Task item:
What should be copied is the stretch of entries below from the line with "Sheer Strong Sculpt 30 Denier Tights" up to and including the line with "Dawg Gone Walk & Fiesta Photo", exactly and without images.
──────── Records ────────
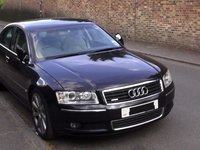 Dezmembrez Audi A8 2004 4.0 TDI -ASE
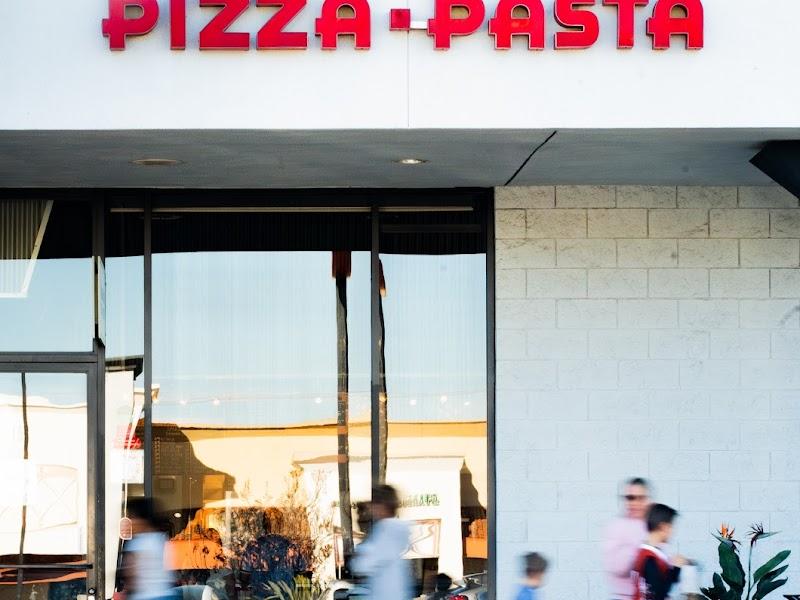 Massimos Pizza and Pasta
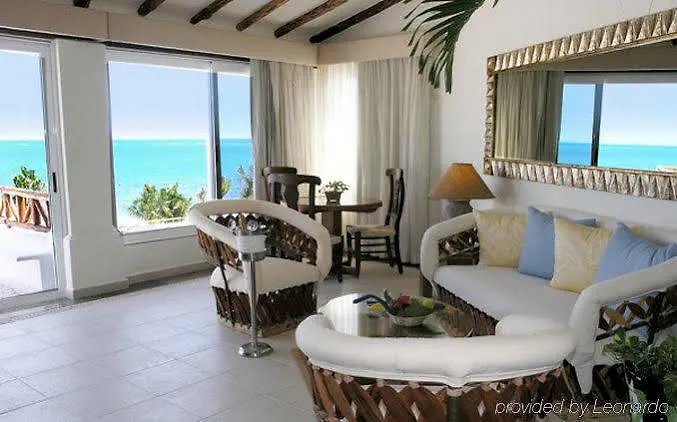 Desire Riviera Maya Pearl Resort All Inclusive - Couples Only 푸에르토 모렐로스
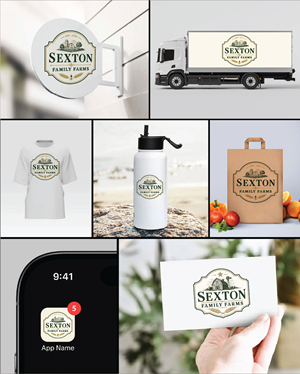 Logo Design by Sunil Peter for this project | Design: #37697906
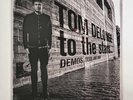 Tom Delonge To The Stars... Demos, Odds And Ends Vinyl LP Clear Yellow Splatter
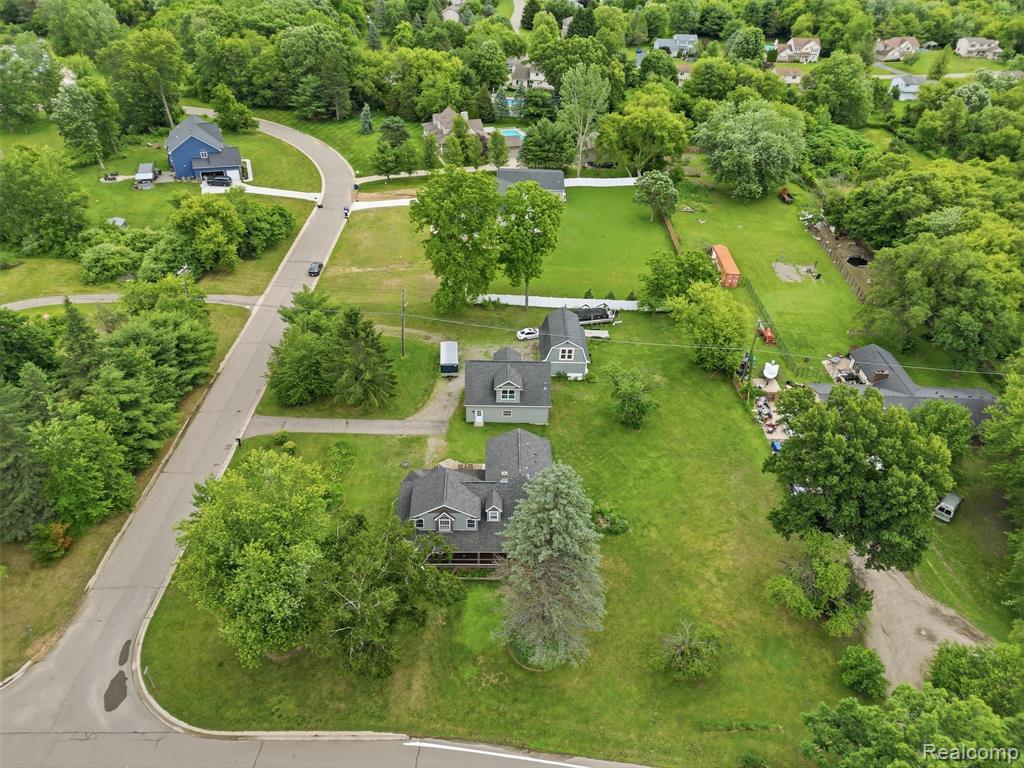 5556 Ormond Road, White Lake, MI 48383 — Photo 3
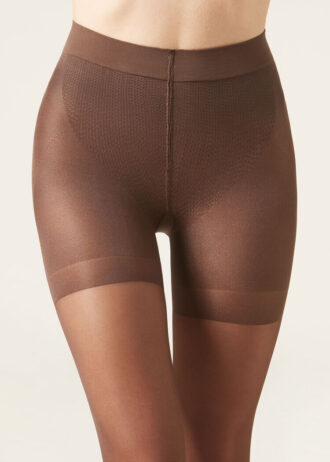 Sheer Strong Sculpt 30 Denier Tights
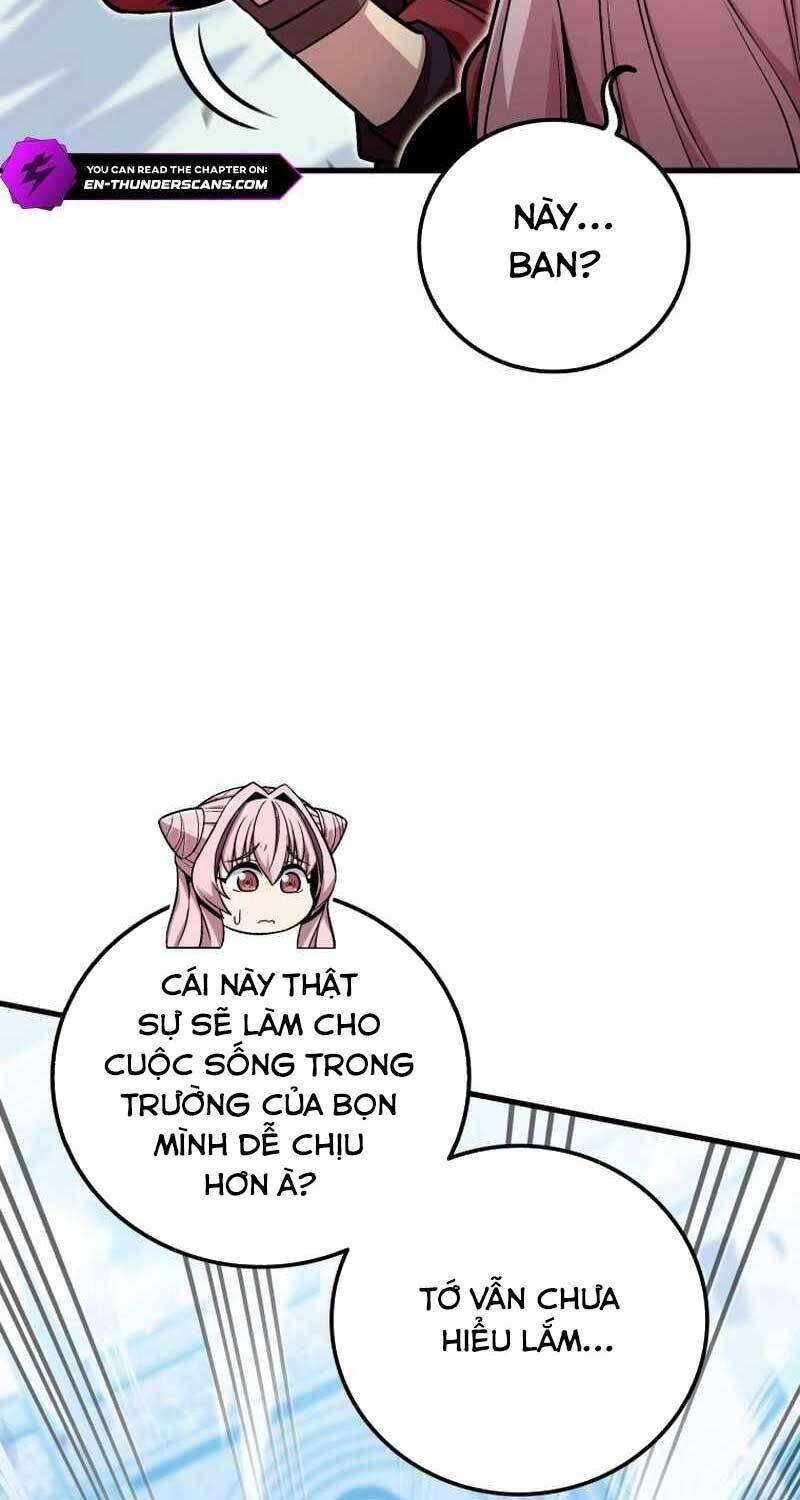 Vô Tình Ghi Danh - Chapter 12 - Page 37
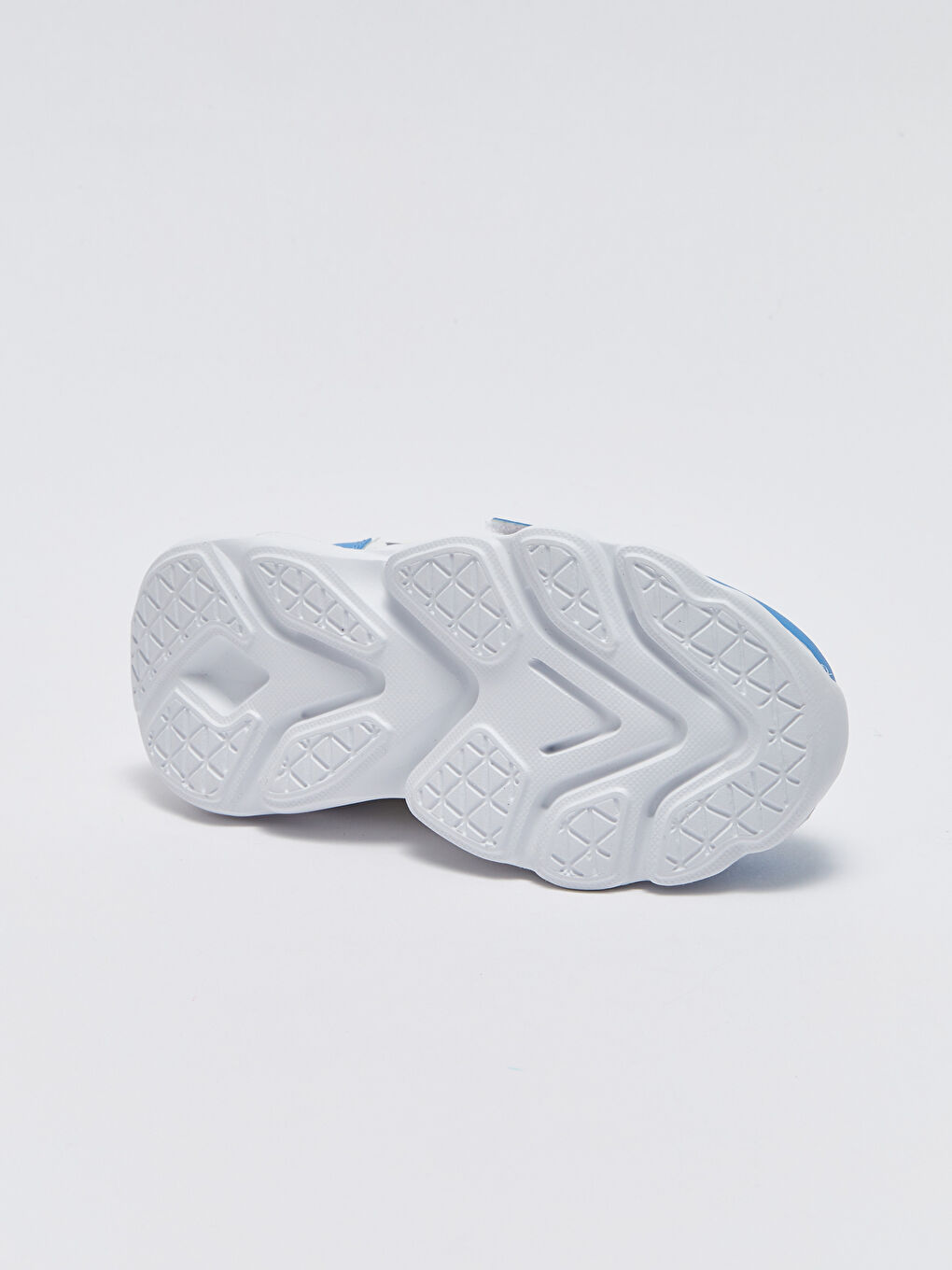 LCW STEPS Spiderman Lizenzierte Sportschuhe mit Leuchtsohle für Baby Jungen -S3DR43Z1-J5E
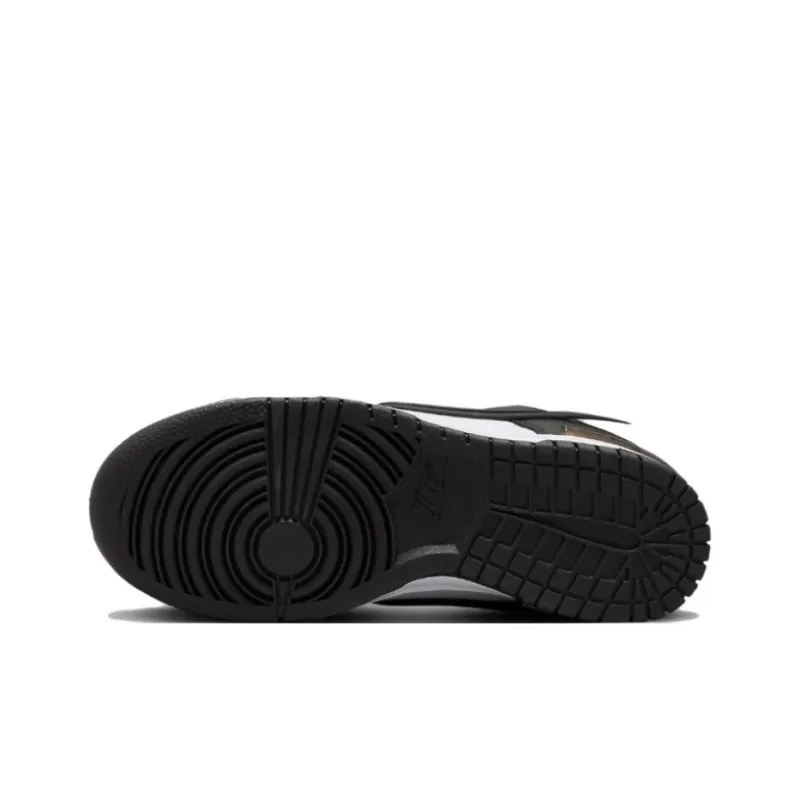 Nike Dunk Low Twist Panda Women's-4
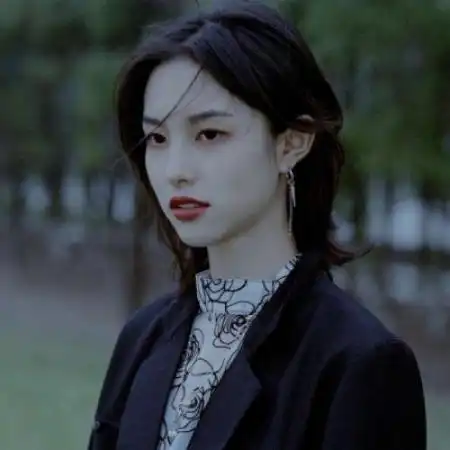  小清新头像女生,气质美女快快用上吧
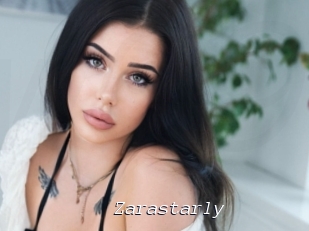 Zarastarly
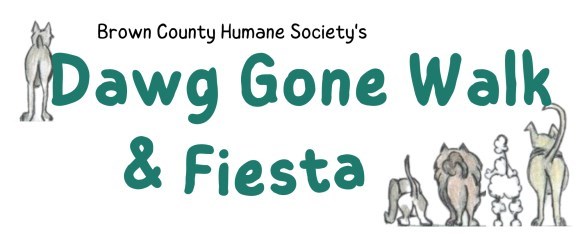 Dawg Gone Walk & Fiesta Photo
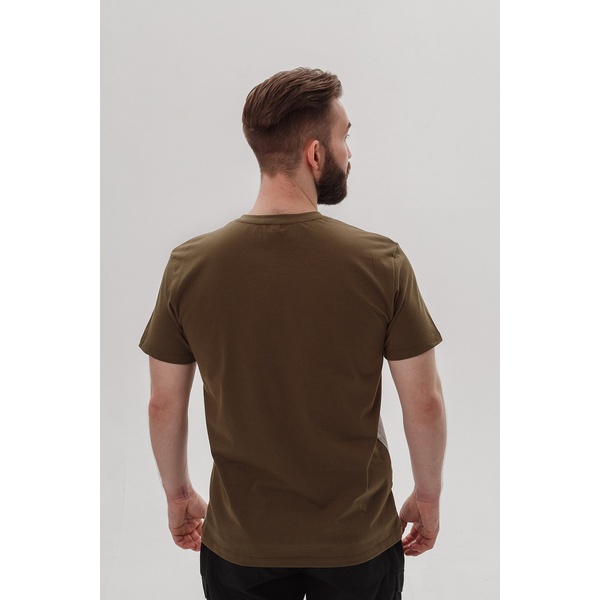 Футболка Remington Master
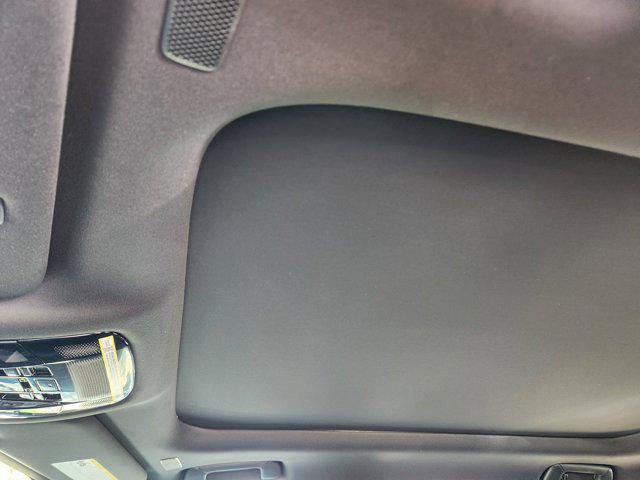 new 2025 Lexus RX 350 car, priced at $69,689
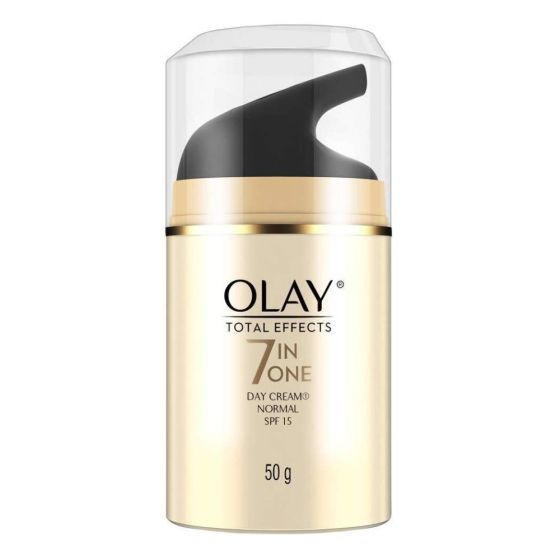 OLAY - 新生高效緊緻防曬精華霜 50g CR-OLY-TE-UV-FF-50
────────
Answer to the exercise:
 Sheer Strong Sculpt 30 Denier Tights
 Vô Tình Ghi Danh - Chapter 12 - Page 37
 LCW STEPS Spiderman Lizenzierte Sportschuhe mit Leuchtsohle für Baby Jungen -S3DR43Z1-J5E
 Nike Dunk Low Twist Panda Women's-4
  小清新头像女生,气质美女快快用上吧
 Zarastarly
 Dawg Gone Walk & Fiesta Photo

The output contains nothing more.